[SUPPLIED RECORDS]

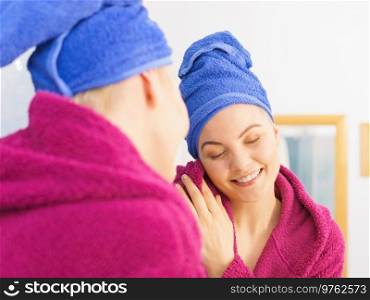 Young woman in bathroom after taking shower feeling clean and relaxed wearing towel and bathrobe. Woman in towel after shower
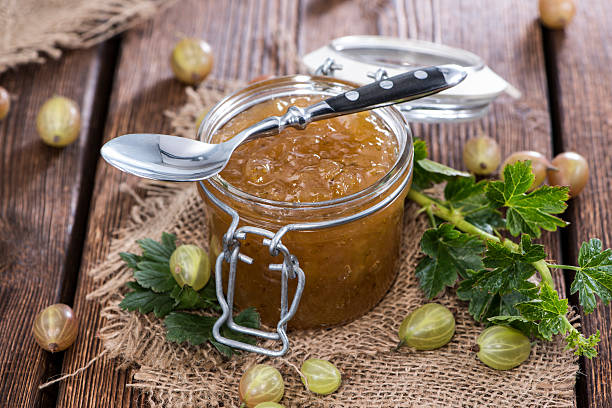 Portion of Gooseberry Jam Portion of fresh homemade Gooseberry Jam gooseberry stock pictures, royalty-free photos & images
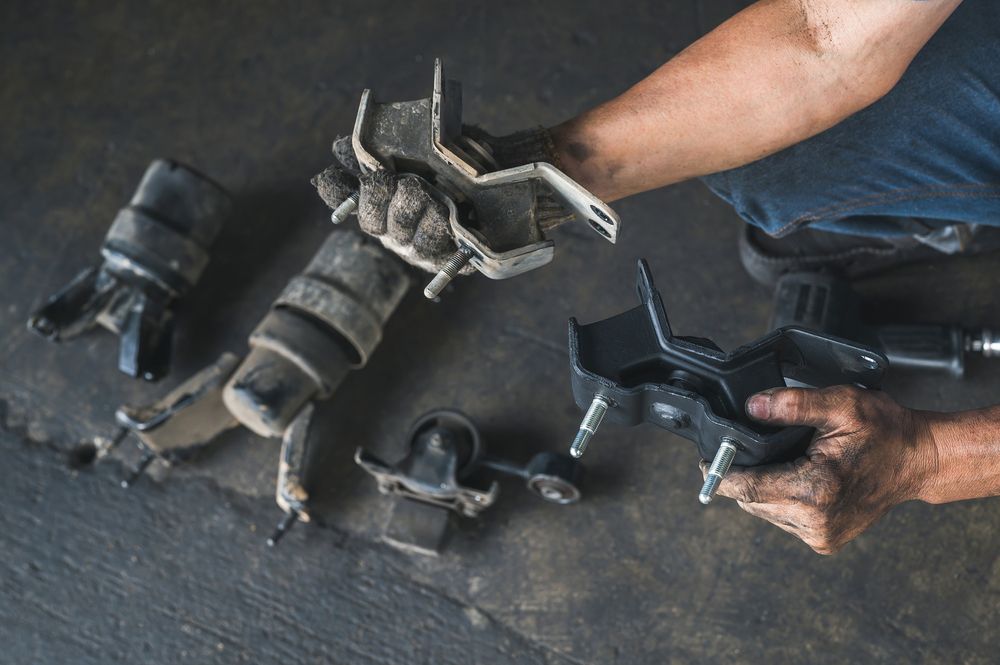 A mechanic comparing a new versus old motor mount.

[/SUPPLIED RECORDS]
[SUPPLIED RECORDS]

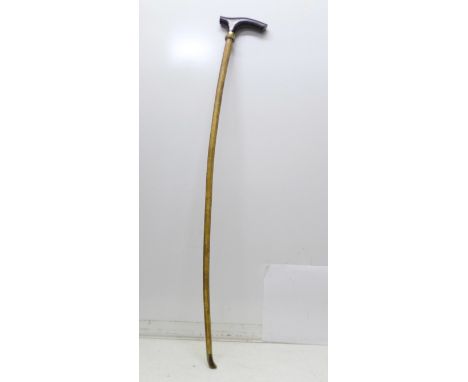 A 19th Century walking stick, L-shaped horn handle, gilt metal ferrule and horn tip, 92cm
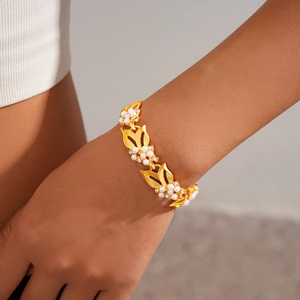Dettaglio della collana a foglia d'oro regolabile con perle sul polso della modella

[/SUPPLIED RECORDS]
[SUPPLIED RECORDS]

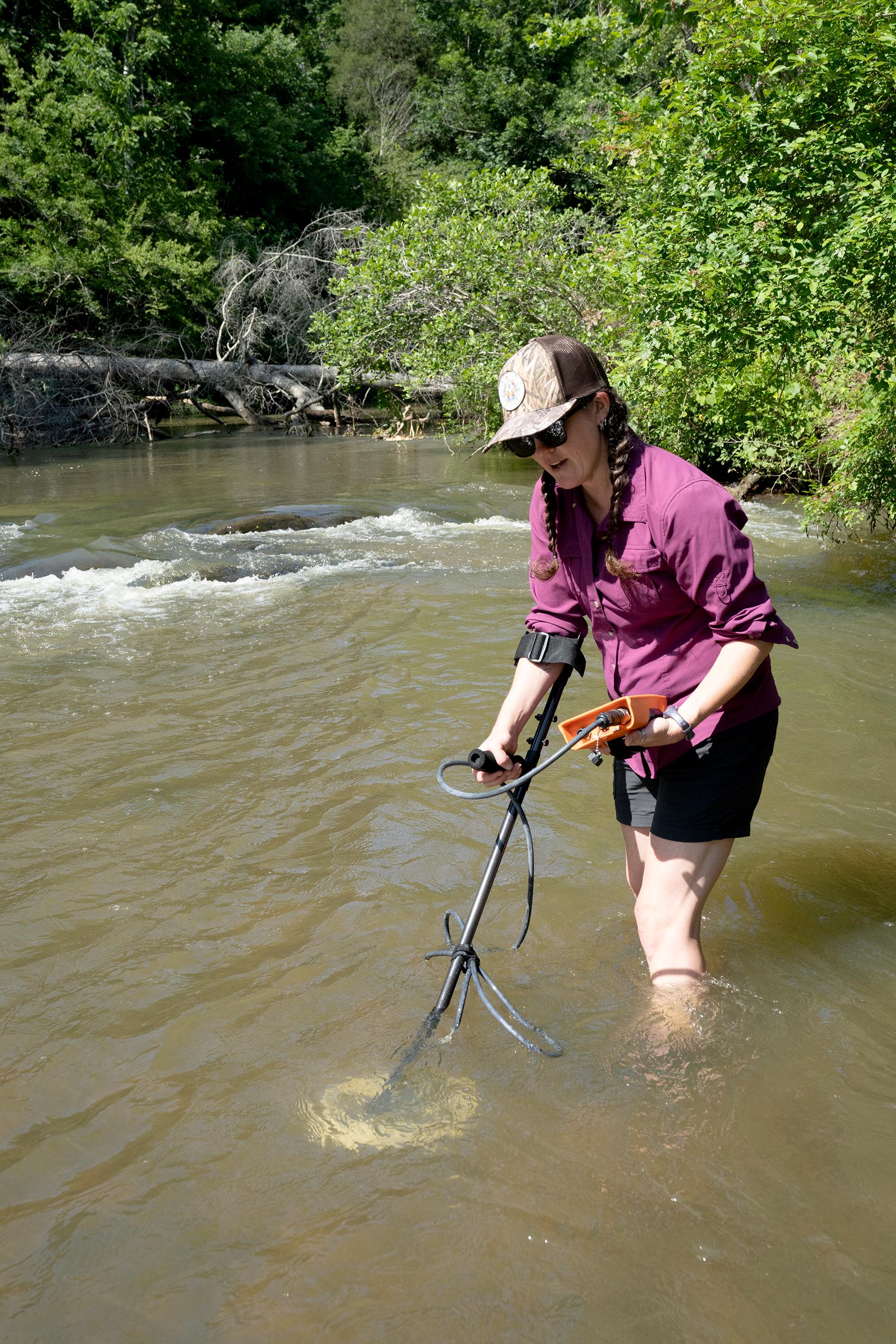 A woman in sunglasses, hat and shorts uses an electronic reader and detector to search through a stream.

[/SUPPLIED RECORDS]

_THE PROBLEM:_
Given the listing above, retype only the span of lines from the line with "A 19th Century" up to and including the line with "Dettaglio della collana", exactly as it stands and without pictures.

_WRITTEN RESPONSE:_
 A 19th Century walking stick, L-shaped horn handle, gilt metal ferrule and horn tip, 92cm
Dettaglio della collana a foglia d'oro regolabile con perle sul polso della modella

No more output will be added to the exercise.